U.S. District Judge William Alsup, who is overseeing the company’s criminal probation from the 2010 San Bruno natural gas pipeline explosion, said he has tentatively concluded that uninsulated power conductors lie at the heart of the wildfire crisis that has plunged PG&E into bankruptcy.
Alsup made his tentative conclusion as part of his plan, announced a week ago, to force PG&E to embark on a massive equipment inspection and tree-pruning program in advance of the upcoming fire season. He has given PG&E until next Wednesday to respond to that plan, which could also call for widespread blackouts this summer when winds gust to dangerous levels.
“The single most recurring cause of the large 2017 and 2018 wildfires attributable to PG&E’s equipment has been the susceptibility of PG&E’s distribution lines to trees or limbs falling onto them during high-wind events,” the judge wrote Thursday. “This has most often occurred in rural areas where distribution lines use thirty-five to fifty-foot single poles and run through grass, brush, oak and pines.
“The power conductors are almost always uninsulated. When the conductors are pushed together by falling trees or limbs, electrical sparks drop into the vegetation below.”
Alsup is holding a hearing Jan. 30 on his proposal to force PG&E to make dramatic upgrades in its fire safety program.
PG&E on Monday said it plans to file for Chapter 11 bankruptcy at the end of the month as it struggles with liabilities that could exceed $30 billion from the November Camp Fire and the 2017 wine country fires. The Camp Fire killed 86 people, the most in California history, while more than 40 people perished in the wine country fires.

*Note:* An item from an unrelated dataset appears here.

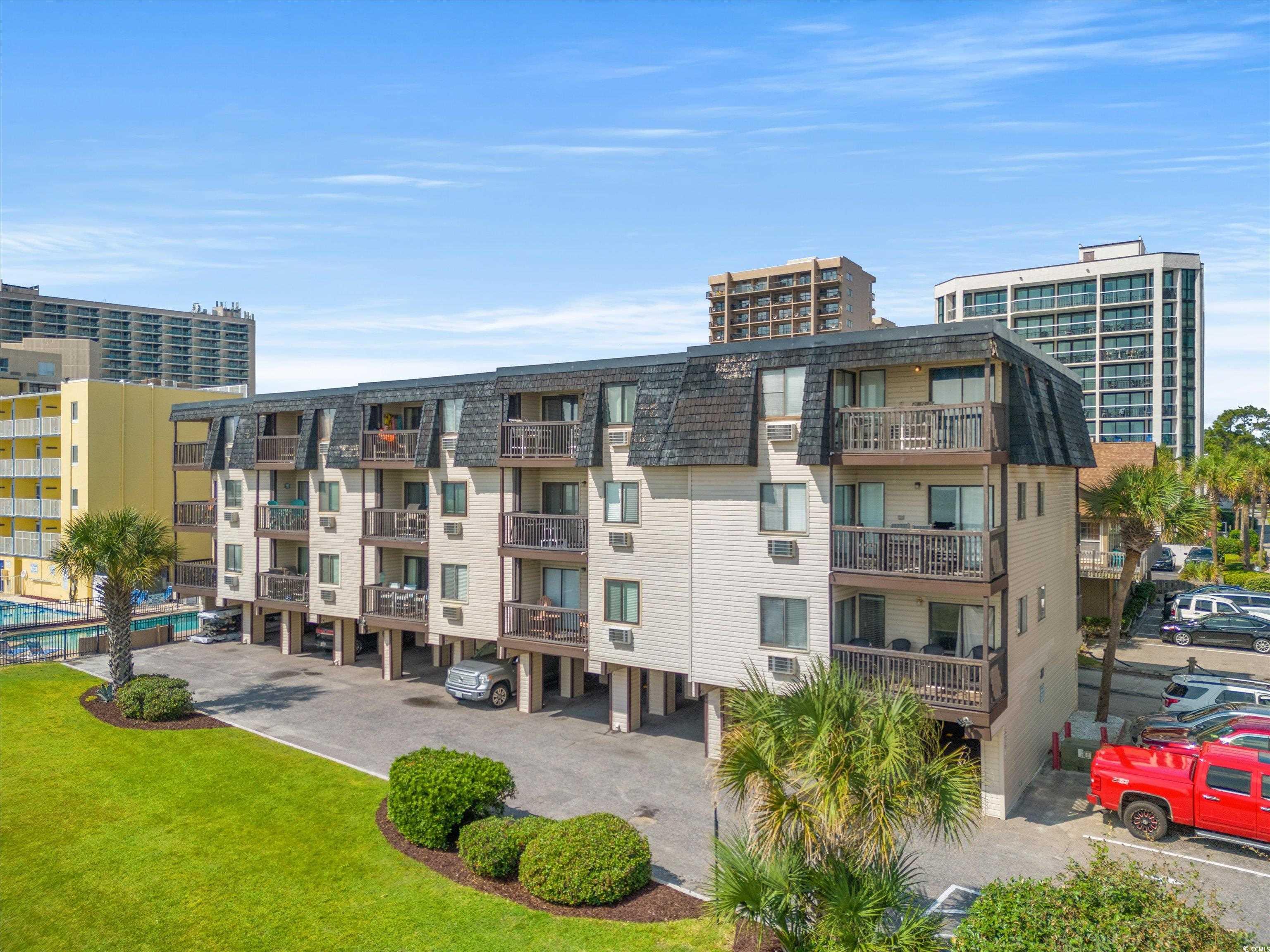 201 N 76th Ave. N UNIT A-2 Myrtle Beach, SC 29572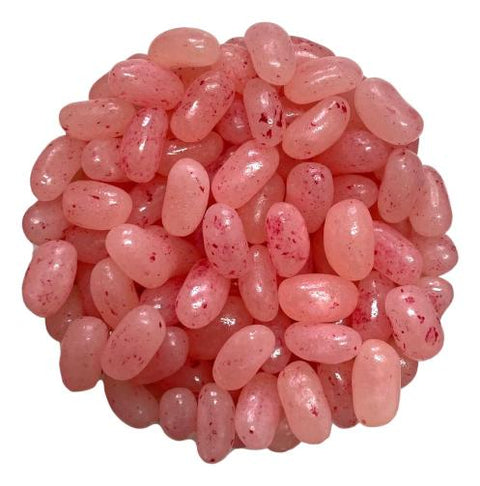 Jelly Beans o smaku sernika z truskawkami - kubek 300 g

Cal Fire has blamed PG&E for 12 of the 2017 fires, although it hasn’t finished its investigation into the worst of the wine country blazes, the Tubbs Fire that devastated neighborhoods of Santa Rosa. It is still investigating the Camp Fire, although PG&E has disclosed problems with a high-voltage transmission tower the morning the fire started, in the area where it is believed to have ignited.
It’s unclear what impact Alsup’s findings would have on the avalanche of litigation PG&E is facing.
Attorney Dario de Ghetaldi, a Bay Area lawyer representing scores of survivors of the Camp Fire and other fires, said Alsup’s conclusion doesn’t address “the failure of PG&E’s vegetation management program.”
“We don’t know where he’s going with this,” de Ghetaldi said.
PG&E spokesman James Noonan said the company is reviewing Alsup’s conclusion.
“We are committed to complying with all rules and regulations that apply to our work, while working together with our state and community partners and across all sectors and disciplines to develop comprehensive, long-term safety solutions for the future,” Noonan said in a written statement.